DATA RECORDS
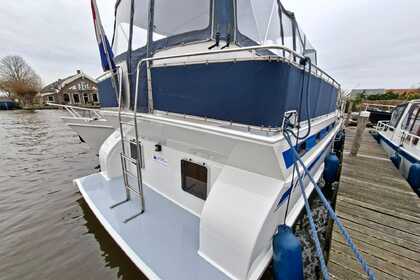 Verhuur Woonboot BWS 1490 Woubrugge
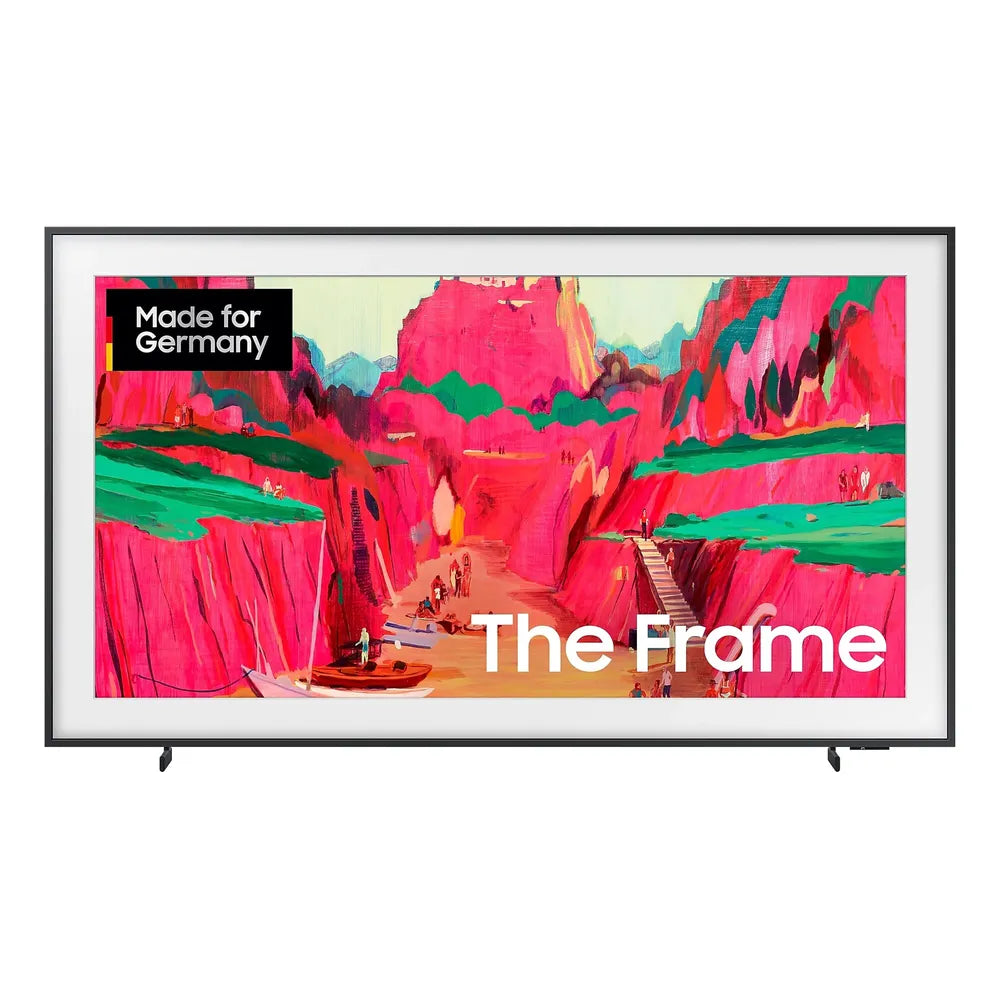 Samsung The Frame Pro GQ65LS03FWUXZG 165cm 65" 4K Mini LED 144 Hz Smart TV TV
---
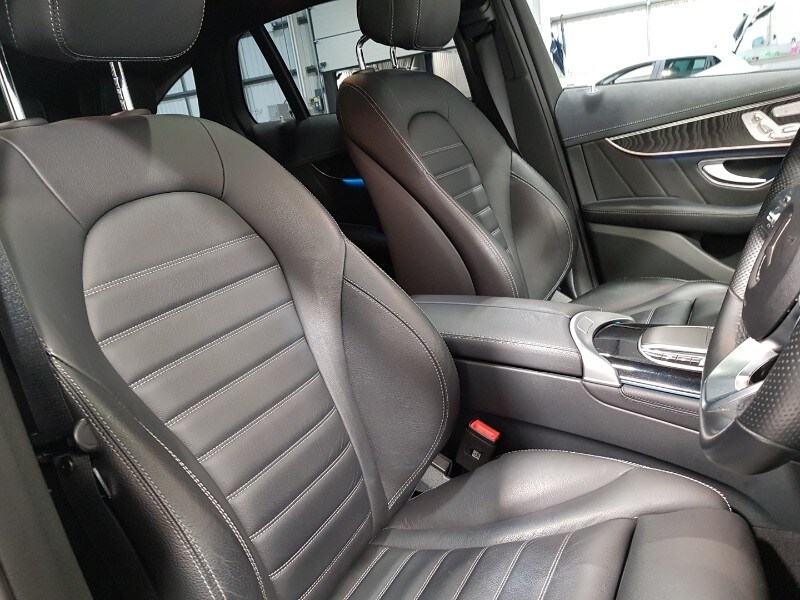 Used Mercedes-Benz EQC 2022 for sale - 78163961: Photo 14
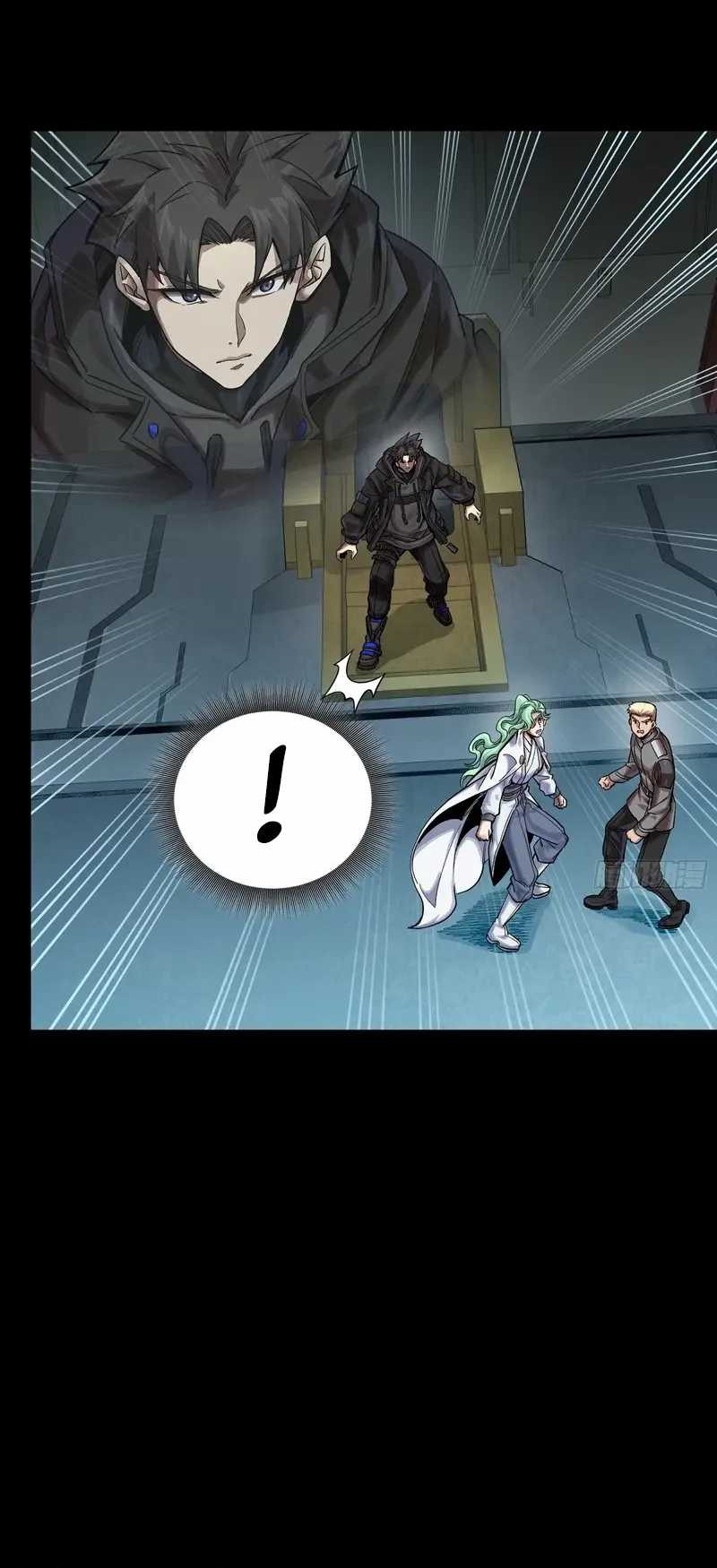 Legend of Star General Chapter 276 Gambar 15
* * *
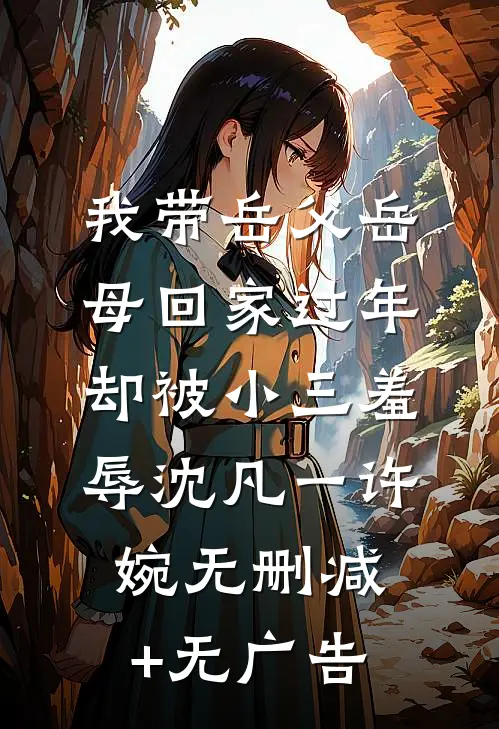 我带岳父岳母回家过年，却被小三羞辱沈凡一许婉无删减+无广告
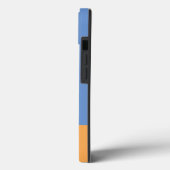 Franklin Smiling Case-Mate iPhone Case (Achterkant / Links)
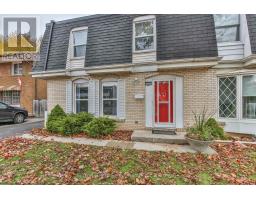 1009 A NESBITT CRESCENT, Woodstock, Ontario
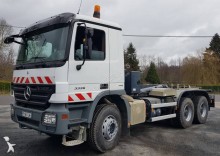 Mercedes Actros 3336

TASK TO CARRY OUT
Return the material from the line containing "Franklin Smiling Case-Mate" through the line containing "Mercedes Actros 3336", exactly and in full, but without its pictures.

WRITTEN RESPONSE
 Franklin Smiling Case-Mate iPhone Case (Achterkant / Links)
 1009 A NESBITT CRESCENT, Woodstock, Ontario
 Mercedes Actros 3336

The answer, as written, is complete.